A couple of days before the shooting, the defendant brought a .44 handgun to his friend Voeuth Van’s house and asked him to keep it for him. The handgun was a “cowboy type of gun” and had a longer barrel than the ,357 handgun kept by the defendant.
Van testified for the Commonwealth in exchange for not being charged in connection with the shooting.
The .357 is a double action revolver that does not require the shooter to “cock” the hammer between shots. Rather, to fire the weapon, the shooter need only to pull the trigger.
The .44 is a single action revolver, which requires the shooter to “cock” the hammer manually before pulling the trigger.
Both Miller and Van testified that only the defendant and Pasteur had guns on the night of the shooting. However, the defendant’s theory was that if there were two guns, Miller had one and Pasteur had one, or Pasteur had both.
On June 22, 2000, an occupant of 17 Lowell Street pried out a “slug or spent round” from a pole on the porch and gave it to a Lynn police officer
During this line of questioning, the judge instructed the jury:
“Ladies and gentlemen, you assess the credibility of each and every witness. One thing you can consider is whether they’ve made any prior inconsistent statements, different from what they’ve said on the stand. Also, the prosecutor’s entitled to show that they’re not inconsistent, that they are consistent. So, that’s part of what you’ve seen here this afternoon with [defense counsel] and [the prosecutor].”

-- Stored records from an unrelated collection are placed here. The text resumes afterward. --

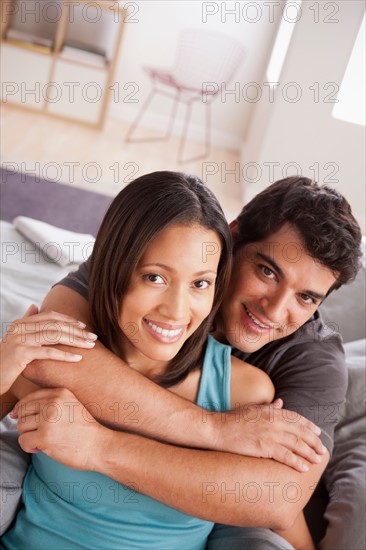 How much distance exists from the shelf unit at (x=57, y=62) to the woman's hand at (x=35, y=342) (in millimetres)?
4125

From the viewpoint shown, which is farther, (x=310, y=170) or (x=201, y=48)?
(x=201, y=48)

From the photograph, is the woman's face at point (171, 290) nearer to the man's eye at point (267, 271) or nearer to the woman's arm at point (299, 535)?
the man's eye at point (267, 271)

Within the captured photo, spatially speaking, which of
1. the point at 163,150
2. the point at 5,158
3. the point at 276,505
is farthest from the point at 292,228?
the point at 163,150

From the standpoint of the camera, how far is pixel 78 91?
517cm

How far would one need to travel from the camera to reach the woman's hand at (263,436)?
123 cm

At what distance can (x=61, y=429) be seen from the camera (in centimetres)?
115

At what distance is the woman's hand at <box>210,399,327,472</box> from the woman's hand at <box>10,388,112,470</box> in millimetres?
194

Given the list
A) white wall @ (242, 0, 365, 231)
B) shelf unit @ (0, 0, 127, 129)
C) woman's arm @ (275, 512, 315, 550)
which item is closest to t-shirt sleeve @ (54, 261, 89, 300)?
woman's arm @ (275, 512, 315, 550)

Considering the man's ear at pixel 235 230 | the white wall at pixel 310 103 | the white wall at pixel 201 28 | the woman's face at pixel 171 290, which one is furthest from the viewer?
the white wall at pixel 201 28

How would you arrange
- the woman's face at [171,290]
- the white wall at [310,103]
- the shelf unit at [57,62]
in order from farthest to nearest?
1. the shelf unit at [57,62]
2. the white wall at [310,103]
3. the woman's face at [171,290]

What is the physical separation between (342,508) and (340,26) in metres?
3.08

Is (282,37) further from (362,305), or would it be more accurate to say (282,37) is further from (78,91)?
(362,305)

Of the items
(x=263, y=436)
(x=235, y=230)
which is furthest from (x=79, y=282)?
(x=263, y=436)

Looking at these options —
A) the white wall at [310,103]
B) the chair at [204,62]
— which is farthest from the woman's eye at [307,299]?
the chair at [204,62] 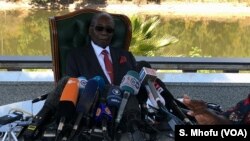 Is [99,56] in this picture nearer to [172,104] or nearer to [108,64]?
[108,64]

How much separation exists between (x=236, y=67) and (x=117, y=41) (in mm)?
1333

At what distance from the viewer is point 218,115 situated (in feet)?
5.98

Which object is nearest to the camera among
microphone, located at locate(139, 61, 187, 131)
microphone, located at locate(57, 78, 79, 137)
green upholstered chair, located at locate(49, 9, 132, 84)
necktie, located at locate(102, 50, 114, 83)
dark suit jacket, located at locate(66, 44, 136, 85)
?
microphone, located at locate(57, 78, 79, 137)

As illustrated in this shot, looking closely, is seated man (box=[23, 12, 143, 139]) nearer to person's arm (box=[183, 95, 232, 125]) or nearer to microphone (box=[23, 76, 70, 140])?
microphone (box=[23, 76, 70, 140])

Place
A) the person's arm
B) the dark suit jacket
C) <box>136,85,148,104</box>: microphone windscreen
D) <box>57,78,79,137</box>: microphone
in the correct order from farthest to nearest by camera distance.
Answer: the dark suit jacket, <box>136,85,148,104</box>: microphone windscreen, <box>57,78,79,137</box>: microphone, the person's arm

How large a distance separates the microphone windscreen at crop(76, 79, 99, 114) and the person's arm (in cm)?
40

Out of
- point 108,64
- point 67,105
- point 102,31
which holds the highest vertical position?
point 102,31

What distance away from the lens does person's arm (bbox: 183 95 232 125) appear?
5.76 feet

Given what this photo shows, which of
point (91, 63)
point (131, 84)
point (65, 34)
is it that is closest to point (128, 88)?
point (131, 84)

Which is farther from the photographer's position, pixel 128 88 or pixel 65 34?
pixel 65 34

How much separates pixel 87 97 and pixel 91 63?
1.03 meters

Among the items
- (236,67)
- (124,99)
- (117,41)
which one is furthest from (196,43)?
(124,99)

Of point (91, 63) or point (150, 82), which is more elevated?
point (150, 82)

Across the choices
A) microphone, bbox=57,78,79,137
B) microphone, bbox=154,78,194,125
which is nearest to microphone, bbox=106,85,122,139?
microphone, bbox=57,78,79,137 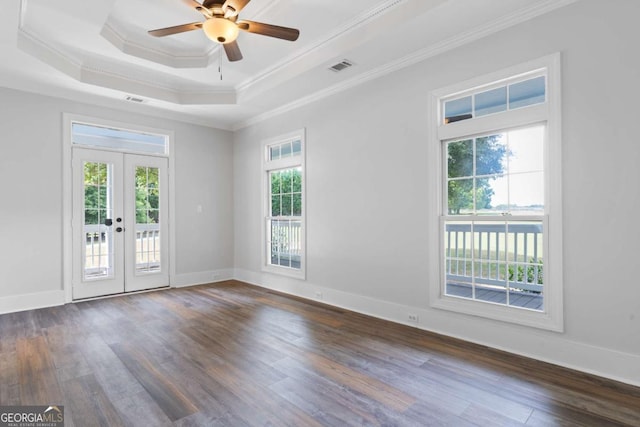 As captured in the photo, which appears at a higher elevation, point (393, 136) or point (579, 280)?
point (393, 136)

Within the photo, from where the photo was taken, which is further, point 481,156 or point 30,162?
point 30,162

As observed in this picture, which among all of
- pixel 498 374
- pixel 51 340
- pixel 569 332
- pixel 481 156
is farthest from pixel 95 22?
pixel 569 332

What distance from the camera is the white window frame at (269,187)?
511 centimetres

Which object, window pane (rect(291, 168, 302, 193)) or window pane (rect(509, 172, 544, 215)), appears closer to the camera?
window pane (rect(509, 172, 544, 215))

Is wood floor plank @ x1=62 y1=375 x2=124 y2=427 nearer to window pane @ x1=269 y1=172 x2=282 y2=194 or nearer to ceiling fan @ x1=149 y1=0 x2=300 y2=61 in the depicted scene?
ceiling fan @ x1=149 y1=0 x2=300 y2=61

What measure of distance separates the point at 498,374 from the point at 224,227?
17.2 feet

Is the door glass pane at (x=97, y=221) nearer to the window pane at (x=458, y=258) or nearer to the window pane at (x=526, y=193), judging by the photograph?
the window pane at (x=458, y=258)

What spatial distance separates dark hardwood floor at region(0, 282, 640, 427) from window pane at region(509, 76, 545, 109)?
225cm

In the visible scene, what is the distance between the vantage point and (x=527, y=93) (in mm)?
3004

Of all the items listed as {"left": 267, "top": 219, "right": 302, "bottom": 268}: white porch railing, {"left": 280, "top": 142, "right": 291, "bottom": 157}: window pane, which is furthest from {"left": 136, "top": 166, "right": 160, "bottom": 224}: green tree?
{"left": 280, "top": 142, "right": 291, "bottom": 157}: window pane

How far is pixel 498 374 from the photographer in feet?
8.51

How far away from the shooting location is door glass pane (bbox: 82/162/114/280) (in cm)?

Miller admitted that he was “wrong” about the defendant’s putting on gloves, the color of the bandana in which the .44 was wrapped, when Miller first saw the white car, the defendant’s telling Pasteur to drop off the gun in the morning, and his own involvement in stealing the guns from the house in New Hampshire.
The defendant himself, in his statements to police, puts the .44 in Pasteur’s hands, not the .357 that fired the fatal shot. Moreover, as discussed above, there is overwhelming evidence of a joint venture — the only question that remained was whether the defendant was a principal or a joint venturer. Additionally, during the redirect examination, the judge instructed the jury that they were to assess the credibility of each witness. Similarly, in his final instructions, the judge stated that the extent to which the jury were to credit a witness’s testimony was “[ejntirely up to [them].” See Commonwealth v. Dickinson, 394 Mass. 702, 706 (1985), citing Commonwealth v. Edgerly, 13 Mass. App. Ct. 562, 574 (1982) (questions regarding truth of witnesses’ testimony not prejudicial where jury instructed that they were “sole judges of the credibility of the witnesses”).